On est ainsi amené à l’explication suivante, qui est bien simple et qui n’a plus rien à avoir avec les sentiments des abeilles. Si, après le décès du maître, l’héritier pense à faire la démarche de l’avis aux abeilles, on peut admettre que cela implique, ipso facto, que le nouveau propriétaire s’intéresse spécialement au rucher et il est dans les probabilités qu’elles ne seront pas moins bien soignées que par le défunt.

Le nouveau maître aime les abeilles, sa démarche même le prouve; en plus de l’intérêt, ce goût le pousse à leur donner des soins assidus, mais il intervient encore une question d’amour-propre : vis-à-vis des cohéritiers ou commensaux de la ferme, ayant pris officiellement charge des abeilles en pratiquant le rite d’avis, il ne voudra pas qu’il soit dit qu’il a laissé péricliter son héritage ailé.

Au contraire, si la démarche n’est pas faite, cela implique qu’il ne porte pas aux abeilles un intérêt spécial; il pensera peu à s’en occuper, probablement moins que le défunt. Les abeilles seront donc moins bien soignées que par ce dernier et même pas du tout soignées; or, dans ce pays, le climat est assez rude, les froids tardifs, la neige recouvre une très grande partie de l’année toutes les hauteurs et prairies environnantes où les abeilles peuvent trouver la plus grande partie de leur butin; il y a aussi des retours brusques de température basse qui retardent la floraison et nombreuses sont les périodes longues ou courtes pendant lesquelles il faut secourir les abeilles en leur fournissant un complément de nourriture. Bref, un rucher tant soit peu négligé est à peu près condamné à périr.

Nous croyons donc pouvoir conclure que si les abeilles meurent dans le cas examiné, c’est simplement de misère physiologique, par suite du manque de soins assez assidus.

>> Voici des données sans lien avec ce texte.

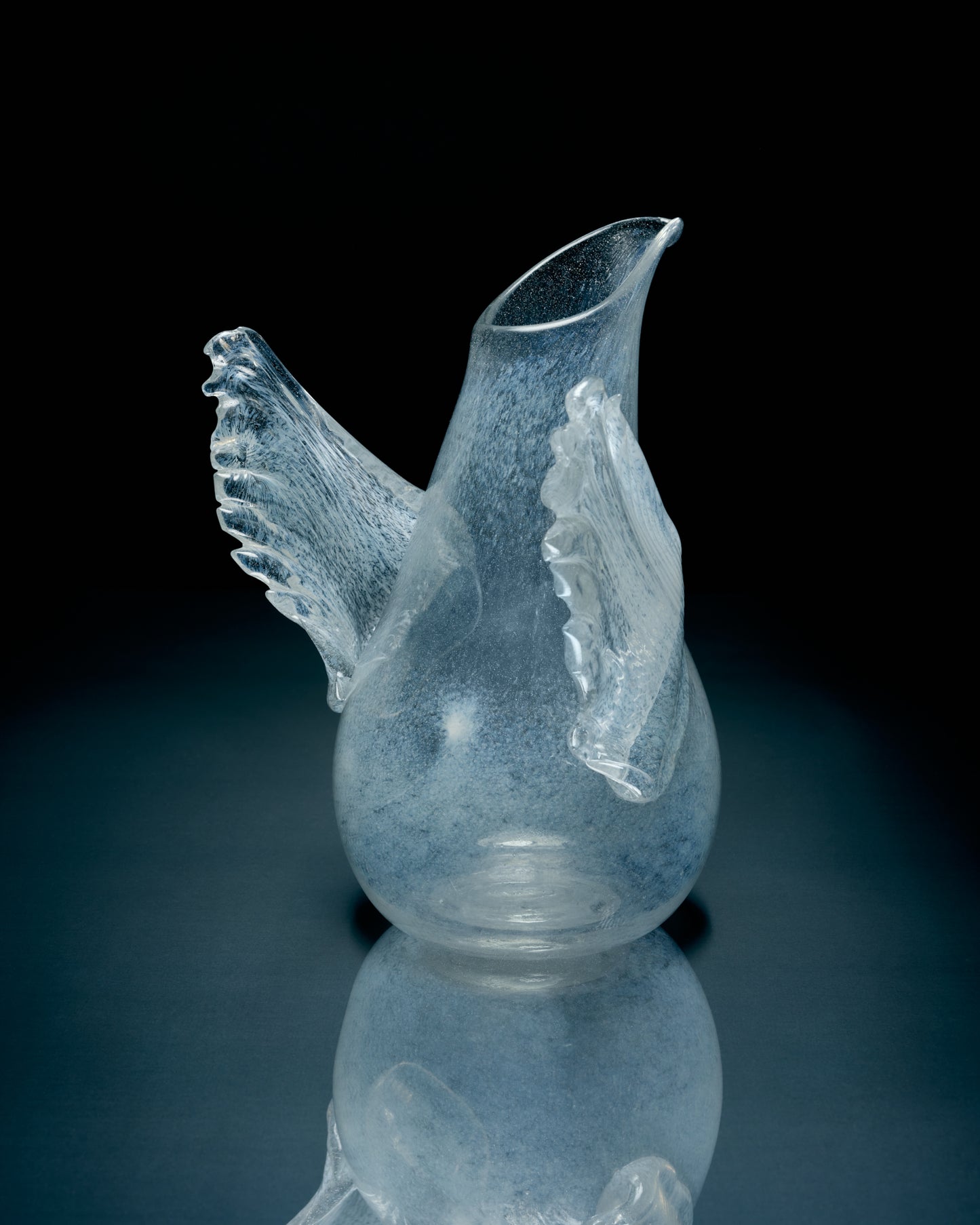 Купіть виріб ручної роботи Wings Decanter від Nadiia World. Ідеальний вибір для додавання вишуканості та шарму до вашого житлового простору або колекції особистих аксесуарів.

Dans certaines de nos communes (1), le rite d’avis n’est pas pratiqué, mais on met un morceau de crêpe au rucher. C’est une simple variante dudit rite et notre argumentation demeure.

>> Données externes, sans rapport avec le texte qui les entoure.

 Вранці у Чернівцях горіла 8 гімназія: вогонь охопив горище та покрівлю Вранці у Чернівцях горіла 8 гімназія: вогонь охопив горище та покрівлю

Pour ce que nous avons rapporté concernant les abeilles wallonnes, il faut remarquer qu’il est mentionné un abandon du rucher et non la mort des abeilles.

Nous pensons que là-bas le climat est moins rude et que lorsque les abeilles se trouvent négligées, elles en pâtissent, sans aller jusqu’à en mourir; mais l’instinct les pousse à déserter la ruche, pour chercher ailleurs de meilleures conditions d’habitat.

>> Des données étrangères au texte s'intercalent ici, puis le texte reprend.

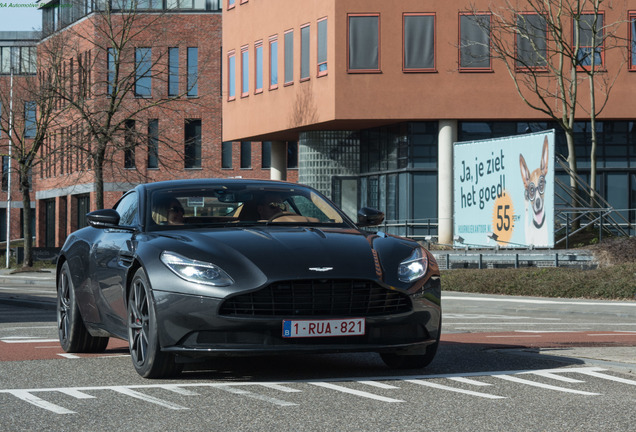 Aston Martin DB11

Cette explication paraît plausible; par extension, celle que nous avons proposée pour interpréter la nécessité du rite de l’avis donné aux abeilles serait tout aussi valable.

C’est une besogne ingrate et tant soit peu cruelle que de disséquer les légendes. Mais encore les abeilles ne m’en voudront pas, si vraiment comme l’a dit Ronsard, elles :

« Portent un gentil coeur dedans un petit corps. »


Mai 1917
L. C.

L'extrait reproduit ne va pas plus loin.